Russia Flexes Military Muscles Prior To Brisbane G20 Summit: Sends Warships Near Australian Coast

Russian navy vs Australian navy

Russia, in an apparent display of flexing of its military muscles, has sent a fleet of warships in the direction of Australia, days ahead of the G20 summit in Brisbane. According to The Age, the Australian military is closely monitoring the approach of the Russian naval vessels. In response to Russia’s military advances, Australia has sent two frigates as well as a surveillance aircraft, leading to concerns over tensions rising in the region. The warships are however currently in international waters, north of the Australian coast, Australian defense officials confirmed.
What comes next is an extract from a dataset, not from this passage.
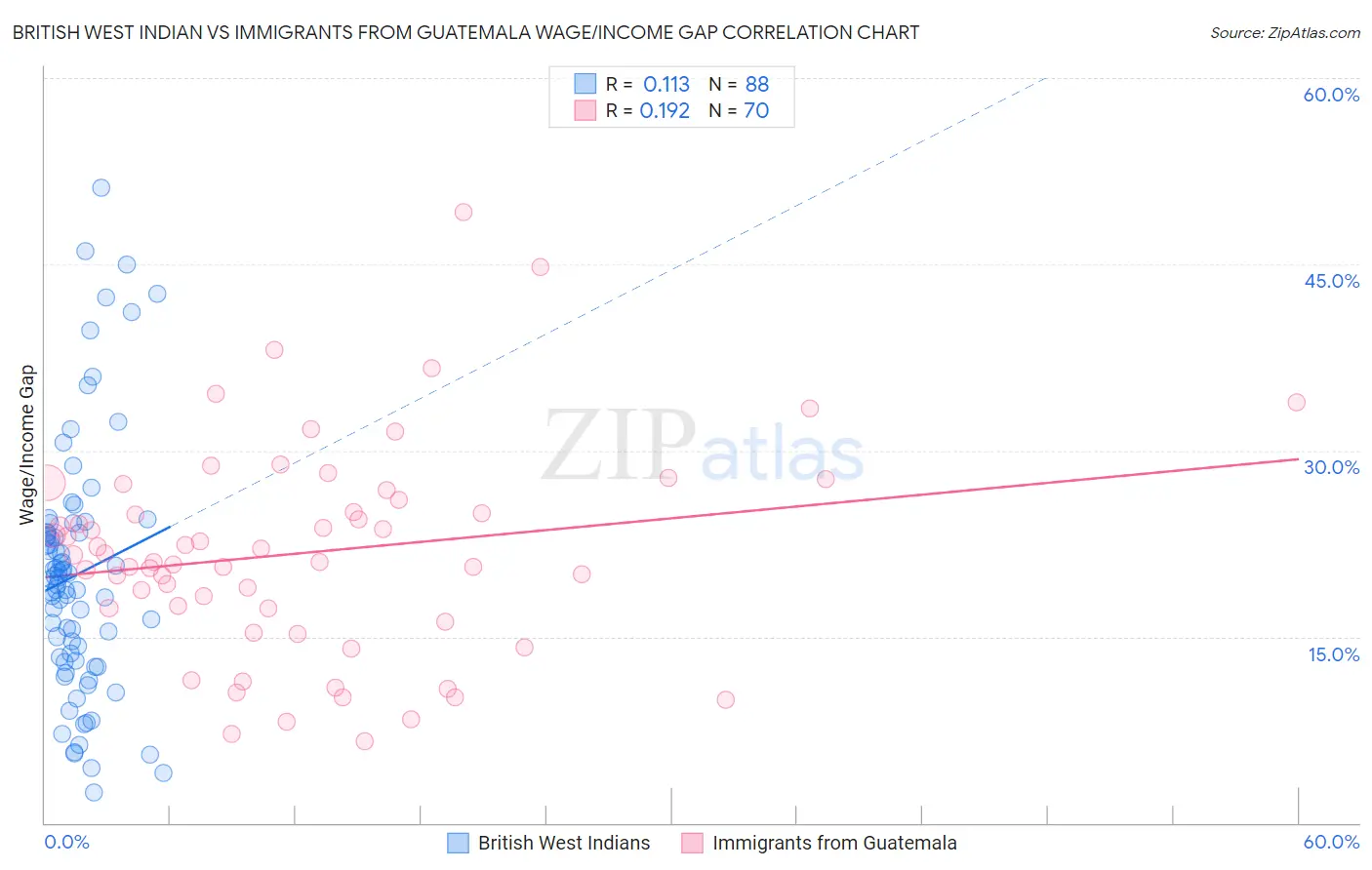British West Indian vs Immigrants from Guatemala Wage/Income Gap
The approach of these Russian military vessels near the Australian coast comes even as the leaders of the two nations, Australian Prime Minister Tony Abbott and Russian premier Vladimir Putin met in Beijing on Tuesday. Russia and Australia has had strained relations ever since 38 Australian citizens were killed in the July crash of the Malaysia Airlines Flight MH17 over the troubled skies of the Ukraine-Russia border. A total of 298 people perished in the crash that has largely been blamed on Russia-backed militants operating in the area.

In a statement issued to the press, the Australian Department of Defense announced that it is “monitoring Russian naval vessels that are currently transiting through international waters to the north of Australia.”
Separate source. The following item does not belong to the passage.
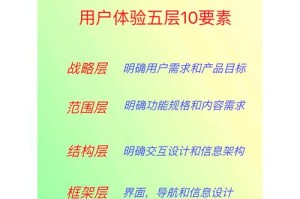 深度解析：舒适体验与极致享受的完美结合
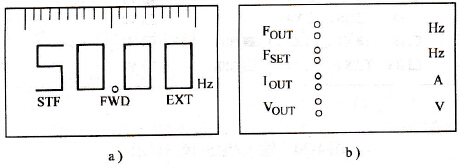 变频器的液晶显示屏显示功能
The statement adds, “The movement of these vessels is entirely consistent with provisions under international law for military vessels to exercise freedom of navigation in international waters.”

Australia sent two frigates, the Stuart and the Paramatta, and a P-3 Orion surveillance plane to monitor the Russians.

The chief of the Australian Defense Force Mark Binskin confirmed that they are watching the movement of the Russian fleet and added that one of the Russian vessels was actually a ocean-going tug that is used to tow other ships.

“Their confidence? One of them is an ocean-going tug. It’s just part of their operation. They are in international waters. They are allowed to do that. They are in our approaches and we will continue to surveil them with air and maritime assets.”

Meanwhile, a BBC News report adds that this action by Russia is not unusual. In the past, Russian vessels have approached areas where a major international summits were underway — most notably during a 2009 APEC meeting in Singapore and the Russian President Medvedev’s 2010 San Francisco visit.

This is being largely being seen as a move by Russia to project its image as a major world power.